Wer sich für ein neues Auto interessiert, ist deshalb gut beraten, nicht allein auf den Kaufpreis zu schauen. „Die Betriebskosten sollten immer im Blick sein, nur hier kann der Autofahrer seine Bilanz positiv beeinflussen“, sagt Mühlbichler und rät: „Vergleichen Sie auch die Verbrauchswerte, die Kfz-Steuer und die Versicherungseinstufung. Und schauen Sie auf die Wartungsintervalle.“ Diese geben vor, wann und wie oft ein Auto in die Werkstatt muss, damit es die Garantie nicht verliert. Laut Mühlbichler ist das Studium dieser Fristen bei Gebrauchtwagen besonders wichtig: „Viele teure Standardreparaturen wie der Austausch eines Zahnriemens werden heute so spät fällig, dass sie erst den Zweit- oder Drittbesitzer treffen.“ Wer ehrlich nachrechnet, müsse deshalb auf den Kaufpreis oft noch zwei oder drei Tausender draufschlagen.

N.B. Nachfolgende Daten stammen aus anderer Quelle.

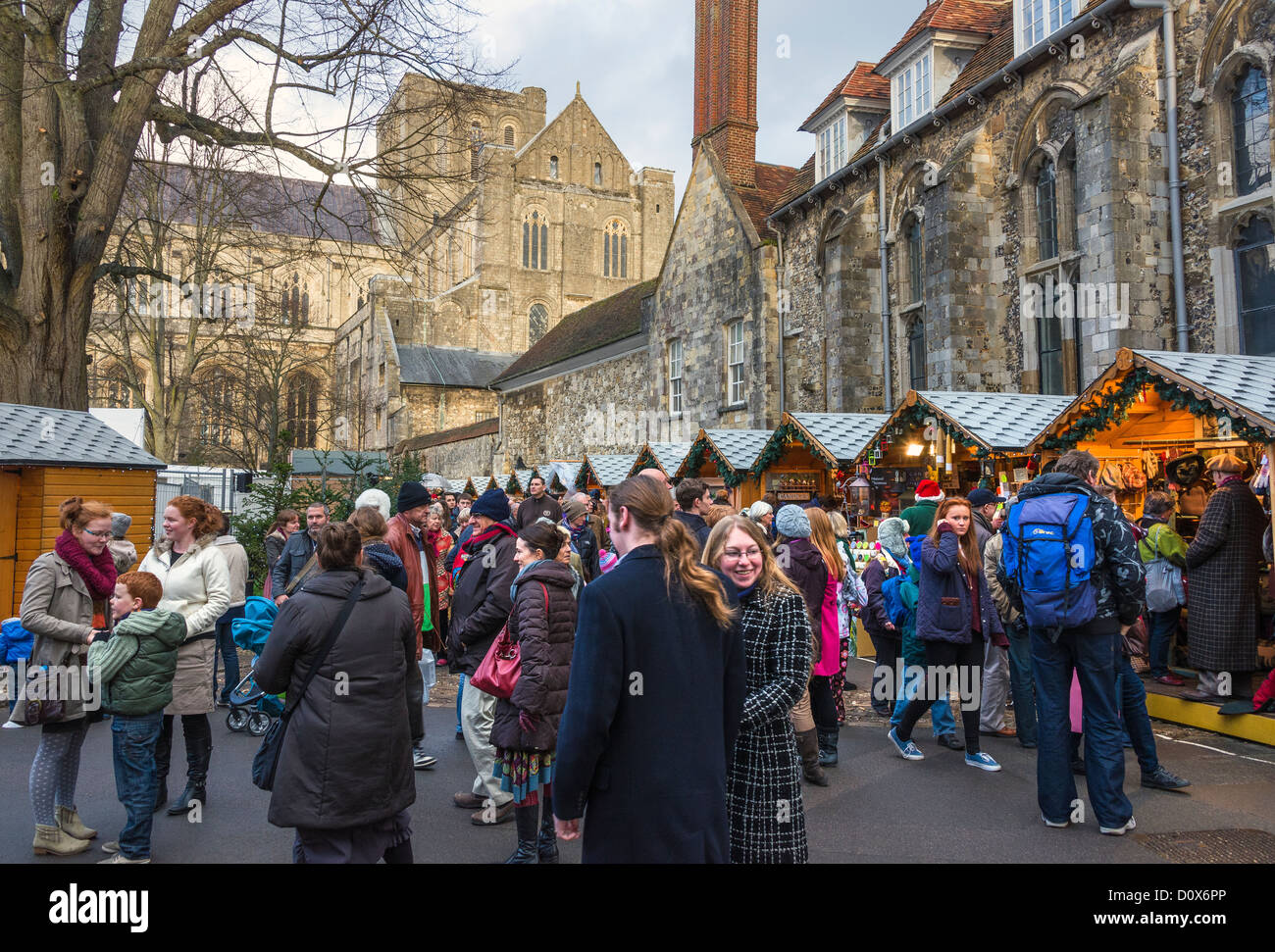 Winchester Weihnachtsmarkt befindet sich neben der Kathedrale von Winchester in Hampshire, England, UK Stockfoto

Die Autohersteller brüsten sich gerne mit sinkenden Betriebskosten und begründen das mit verlängerten Intervallen - etwa für den Ölwechsel. Der Audacon-Experte nennt solche Aussagen Augenwischerei: „Dafür schreiben sie dann ein höherwertiges Öl vor. Unter dem Strich kann es passieren, dass man dann genauso viel oder sogar mehr zahlt.“ Sparen ohne Schliche könne man dagegen bei der Versicherung. Wenn die Ingenieure reparaturfreundliche Konstruktionen entwickeln, müssen die Versicherungen bei Schäden weniger bezahlen und honorieren das mit günstigeren Kasko-Klassen. Außerdem habe man natürlich mit seinem Gasfuß Einfluss auf den Spritverbrauch und so auf die Betriebskosten.
Bei aller Kostenkontrolle darf aber nicht am falschen Ende gespart werden: „Auswertungen von Herstellern und Prüforganisationen zeigen, dass der kostenbewusste Fahrzeugnutzer häufig die Wartungsintervalle streckt oder ganz darauf verzichtet“, sagt Mühlbichler. Er warnt vor einer Milchmädchenrechnung: „Man spart jetzt und legt dafür später drauf. Denn je älter ein schlecht gewartetes Fahrzeug wird, desto höher werden die Unterhaltskosten.“
Dabei geht es nicht allein ums Geld, sondern in erster Linie um die Sicherheit, erklären Prüforganisationen wie die GTÜ. Ihrem aktuellen Mängelreport zufolge erhielten im vergangenen Jahr 18,8 Prozent aller zur Hauptuntersuchung vorgeführten Autos wegen erheblicher Mängel bis hin zur Verkehrsunsicherheit keine Plakette. Das sei der höchste Wert seit 1998 und der Beleg für eine riskante Entwicklung: Viele Autofahrer sparen an notwendigen Reparaturen und regelmäßigem Service - und gehen damit ein erhöhtes Unfallrisiko ein.